The Castiglioni brothers’ 1962 arching floor lamp with a Carrara marble base — arguably the most recognized design lamp ever made, and still the brand’s signature.

IC Lights

Michael Anastassiades’ 2014 family of balanced spheres on slender stems. Quiet, jewel-like, and one of the defining lighting designs of the last decade.

Taccia

A 1962 Castiglioni table lamp — a glass-and-aluminum bowl that diffuses light upward. Sculptural, warm and unmistakably an object first.

Artemide

Tolomeo

De Lucchi and Fassina’s 1987 spring-balanced task lamp — among the best-selling design lamps in the world, endlessly extended into wall, floor and clamp versions.

Tizio

Richard Sapper’s 1972 counter-balanced desk lamp — a feat of engineering as much as design, and a permanent fixture in the MoMA collection.

Eclisse

Vico Magistretti’s 1967 bedside lamp with a rotating inner shade that “eclipses” the light. A Compasso d’Oro winner and a masterclass in simple mechanism.

Which is right for you

Reach for Flos when…

The fitting is part of the design — a decorative pendant, a sculptural floor lamp, a feature that anchors the room. Flos earns its place where the light source is also a focal point.

Reach for Artemide when…

The light has a job to do — task lighting, reading, architectural washes, integrated systems. Artemide is the dependable engine of a scheme, especially across larger or more technical projects.

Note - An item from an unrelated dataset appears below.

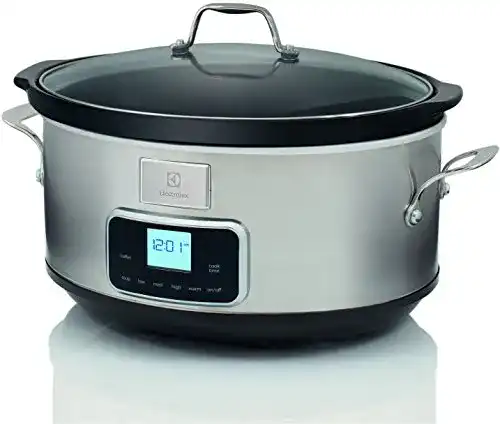 Slow Cooker Electrolux ESC7400 Edelstahl mit 6 Programmen und 6,6 l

“We rarely choose one over the other. Artemide does the work; Flos provides the moments. A good scheme needs both.”

Chiara Borgoli, Via della Seta

Frequently asked questions

What is the difference between Flos and Artemide?

Both are landmark Italian lighting houses, but their instincts differ. Flos (founded 1962) treats light as sculpture — emotional, decorative, design-icon led, from the Castiglioni Arco to Anastassiades’ IC Lights. Artemide (founded 1960) follows “The Human Light”: human-centered, technical and research-driven, strongest in task and architectural lighting, from the Tolomeo to the Tizio. Flos is the object on display; Artemide is the light that works.

Which is better for task and architectural lighting?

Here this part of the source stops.